Imagination develops at about 30 months when toddlers use objects such as toy cars and plastic animals in pretend play. They may cuddle their teddies or dolls that have tears or holes to make them feel better, ‘read’ pictures in books, and imitate the actions of adults and older siblings.

Brain development

The cerebral cortex is associated with imaginative thinking. The left side visualises and memorises events that have happened, whereas the right side creates something that has not yet occurred. Other parts of the brain such as the amygdala and hippocampus are also involved in creative imagination.


Materials which encourage pretend play include dressing up clothes, small world figures, model farms and garages, play kitchens and plastic tea-sets. A creative area where toddlers can paint, explore water, sand, soil, dough and other materials, will also develop imaginative skills.

Picnics also foster imaginative thinking. Packing things in a lunch box or making a pretend sandwich to eat on the way gives toddlers the opportunity to think beyond the obvious.


Toddlers enjoy books with large, brightly coloured illustrations, textured materials, and hide and-seek pictures, which invite speech and interaction. The properties of a texture can be investigated with their fingertips and the pages can be turned to discover something new. Books encourage toddlers to recognise simple objects and animals.
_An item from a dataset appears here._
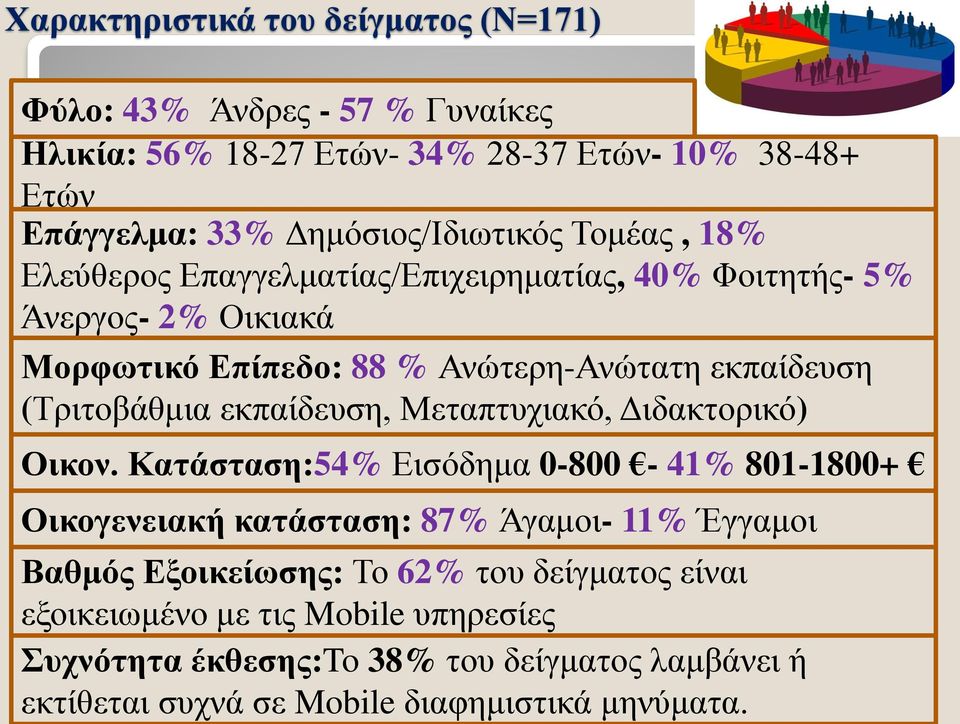 (Τριτοβάθμια εκπαίδευση, Μεταπτυχιακό, Διδακτορικό) Οικον.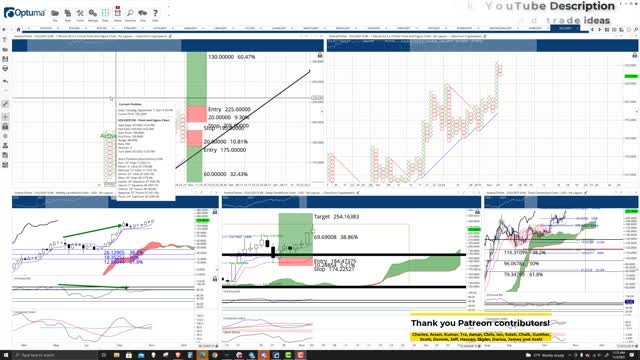 Solana (SOL) Cryptocurrency Price Prediction, Forecast, and Technical Analysis - Nov 3rd, 2021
They may be able to repeat the sounds that the animals make or act out the actions.

Books with a repetitive theme such as ‘Walking through the Jungle’ by Debbie Harter and ‘We’re Going on a Bear Hunt’ by Michel Rosen and Helen Oxenbury will enable toddlers to participate and ask questions. Humorous stories such as ‘Click, Clack, Moo; Cows that type’ by Doreen Corin and Betsy Lewin will stretch their imaginations and help them to appreciate the joy and pleasure that can be found in books.


Some studies have shown that if used in moderation, watching TV or other online virtual programmes can be beneficial. For example, well-designed programmes can build conversations, aid recognition of letter sounds and words, stimulate an interest in reading, and encourage imaginative play around favourite TV characters. However, frequent screen rest-breaks are essential.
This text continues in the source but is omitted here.